En Vox no condenan el franquismo porque les parece que estuvo moralmente justificado. La misma razón por la que en Sortu no condenan ETA

La línea que separa el rechazo político de la violencia de su rechazo moral es tortuosa. La institucionalidad democrática solo puede exigir el primer tipo de repudio, pero es que en el interior de ese “solo” late la que es sin duda la mayor conquista política que puede lograr una sociedad: la libertad, la tolerancia y la convivencia de los distintos. Popper, un filósofo cuya doctrina sobre la tolerancia fue – merced a un cómic poco afortunado – recientemente malinterpretada en la galaxia Twitter, propuso durante el siglo pasado la que a mi juicio sigue siendo la mejor receta con respecto a la violencia política. Solo existen, a su juicio, dos posibles justificaciones para ejercer el uso de la fuerza: o hacerlo para instaurar una democracia o hacerlo para defenderla.

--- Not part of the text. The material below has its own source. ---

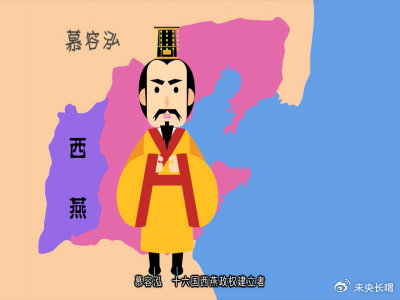 苻坚淝水之败以后,狼狈退回长安,彼时,慕容垂起兵建立后燕,慕容泓等人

Lo que precisamente define a un régimen democrático es que en su interior no puede existir la violencia. Contra ese ideal, la democracia, atentó Franco y atentó ETA.

El rechazo moral, el arrepentimiento, supone sin embargo un proceso mucho más complejo y difícil que el mero rechazo político de las armas. Se trata de un recorrido personal, no tanto colectivo, y no todo el mundo es capaz de transitarlo, porque exige una hondura moral y una textura humana probablemente poco habituales. Quienes no lo alcanzan se mantienen toda su vida atados al odio que los condujo a la violencia, un odio que casi siempre surgió, a su vez, del recuerdo de una violencia contraria y previa a la que su propia violencia respondió en una espiral interminable de rencor, de justificaciones y de hastío. En la esfera política, es la democracia la que –inconcebiblemente– corta esa espiral. En la esfera personal, y de modo no menos inconcebible, es el arrepentimiento moral el que logra ese milagro. Y solo quedan, para quienes no lo alcancen, el paso del tiempo y las palabras de Borges: “yo no hablo de venganzas ni perdones, el olvido es la única venganza y el único perdón”.